Captioned web image data:
⟨

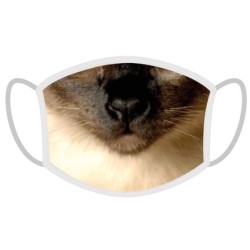 FERA Schutzmaske Siamkatze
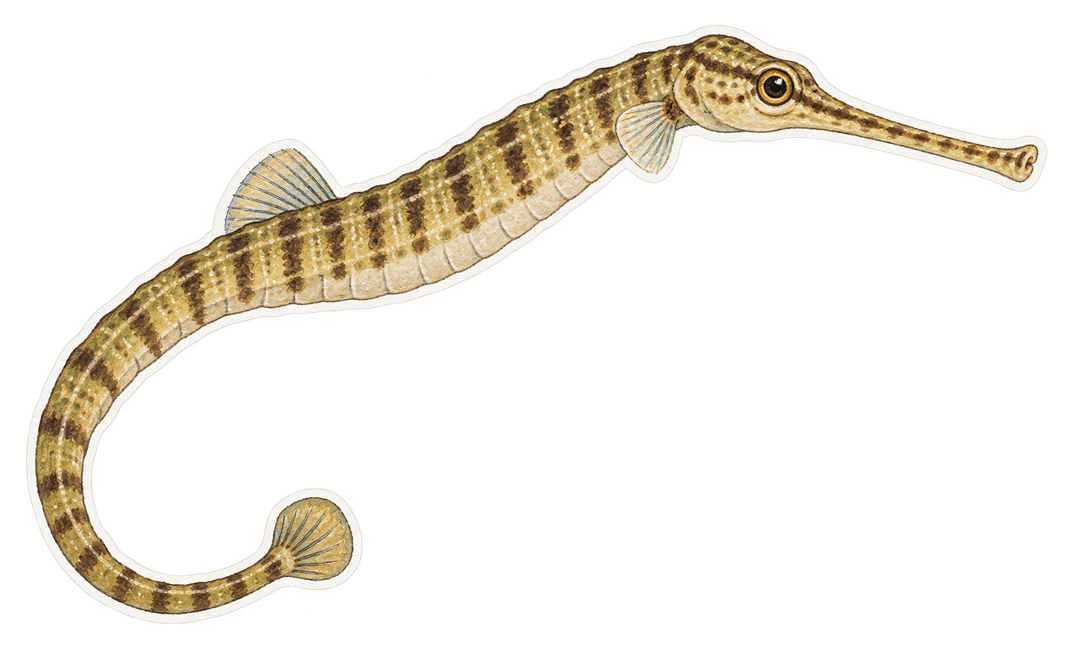 Le syngnathe à long museau (Syngnathus typhle)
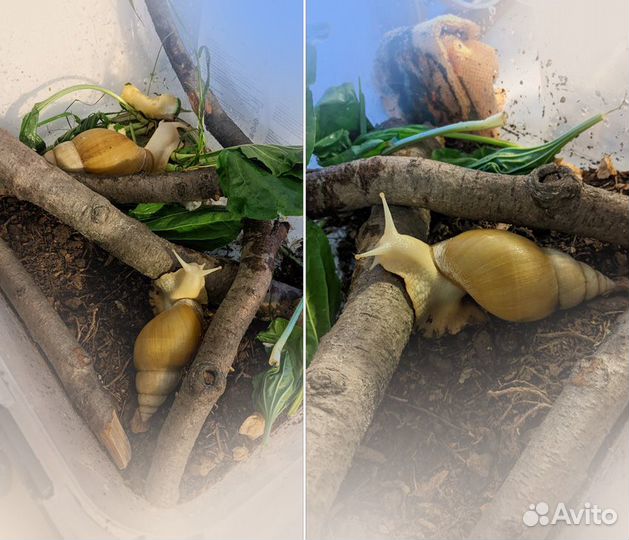 Улитка Ахатина Фулика (альбино) Лечебная / Питомец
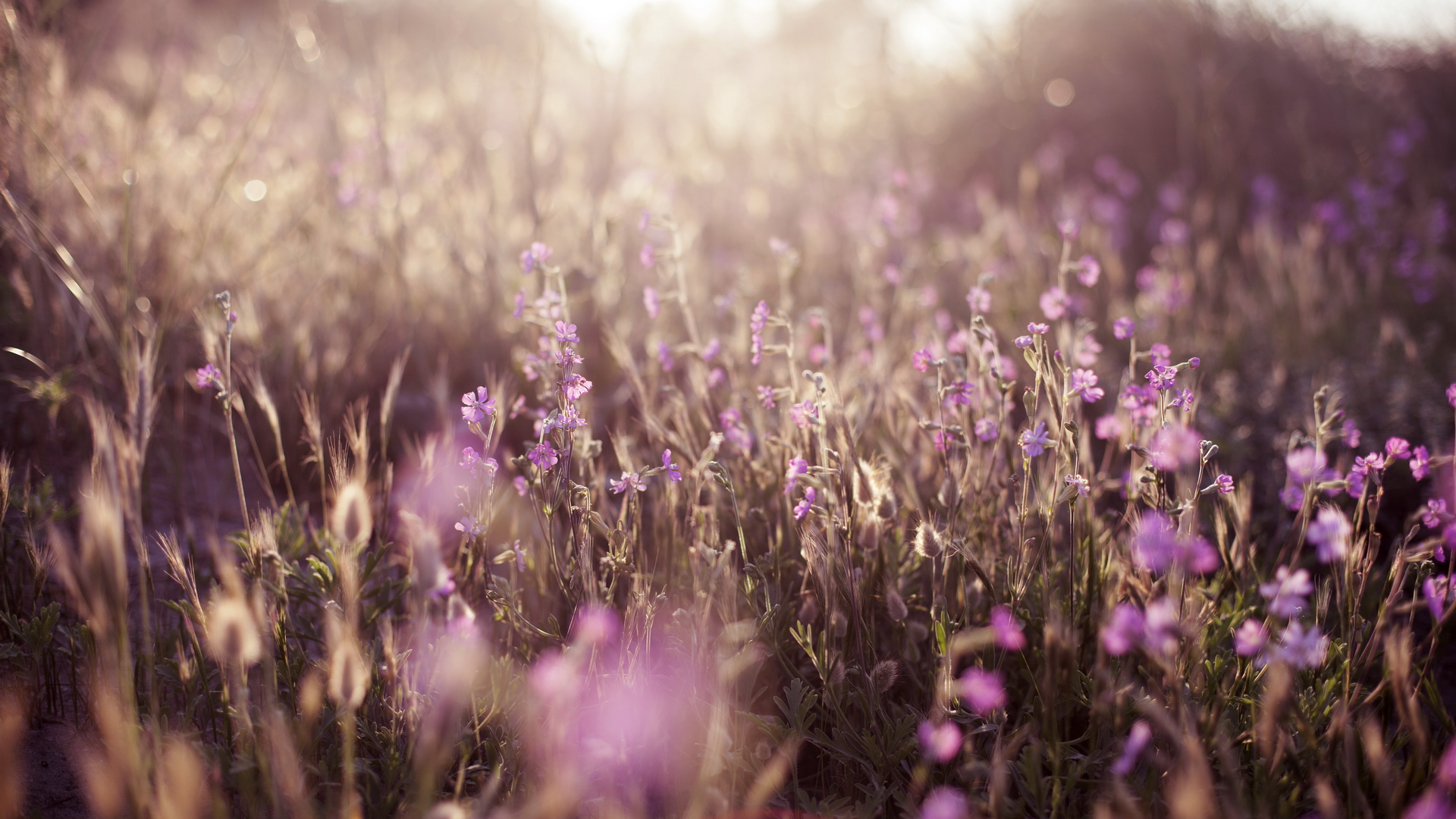 Laden Sie das Blume, Erde/natur-Bild kostenlos auf Ihren PC-Desktop herunter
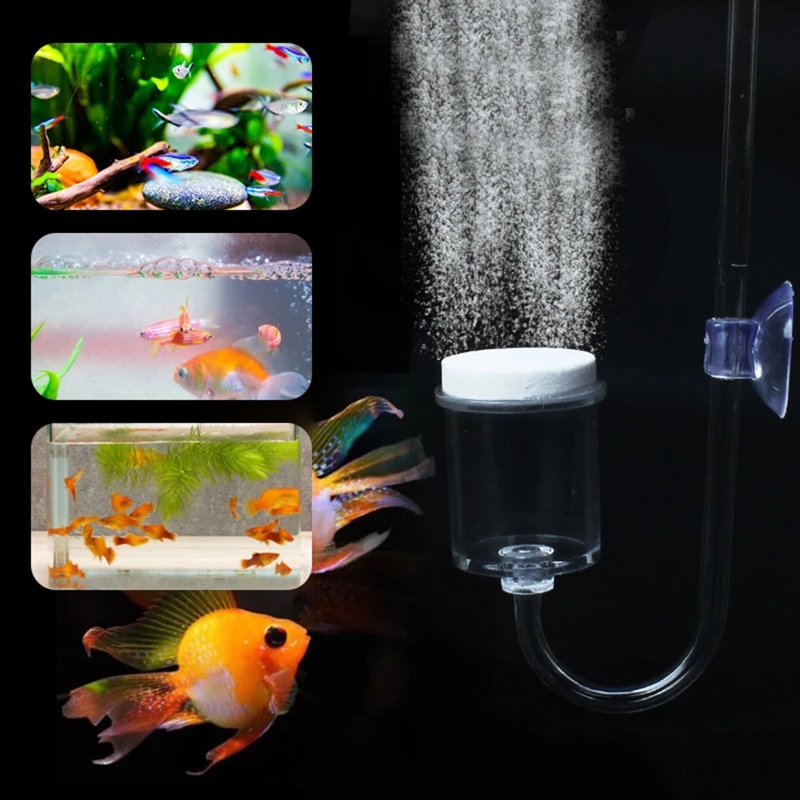 DIY ชุดกระจาย CO2 4ชิ้นสำหรับต - Aquarium Fish Buy บทวิจารณ์และราคา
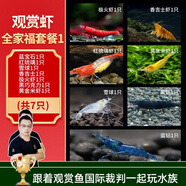 云峰海瑞黑殼蝦清潔蝦觀賞蝦 魚(yú)缸水族箱水草缸清潔除藻淡水 【漂亮清潔蝦】全家福套餐1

⟩

Description of the task:
A faithful copy of all the data above is required, printed exactly and with no pictures.

Result of this task:
 FERA Schutzmaske Siamkatze
 Le syngnathe à long museau (Syngnathus typhle)
 Улитка Ахатина Фулика (альбино) Лечебная / Питомец
 Laden Sie das Blume, Erde/natur-Bild kostenlos auf Ihren PC-Desktop herunter
 DIY ชุดกระจาย CO2 4ชิ้นสำหรับต - Aquarium Fish Buy บทวิจารณ์และราคา
 云峰海瑞黑殼蝦清潔蝦觀賞蝦 魚(yú)缸水族箱水草缸清潔除藻淡水 【漂亮清潔蝦】全家福套餐1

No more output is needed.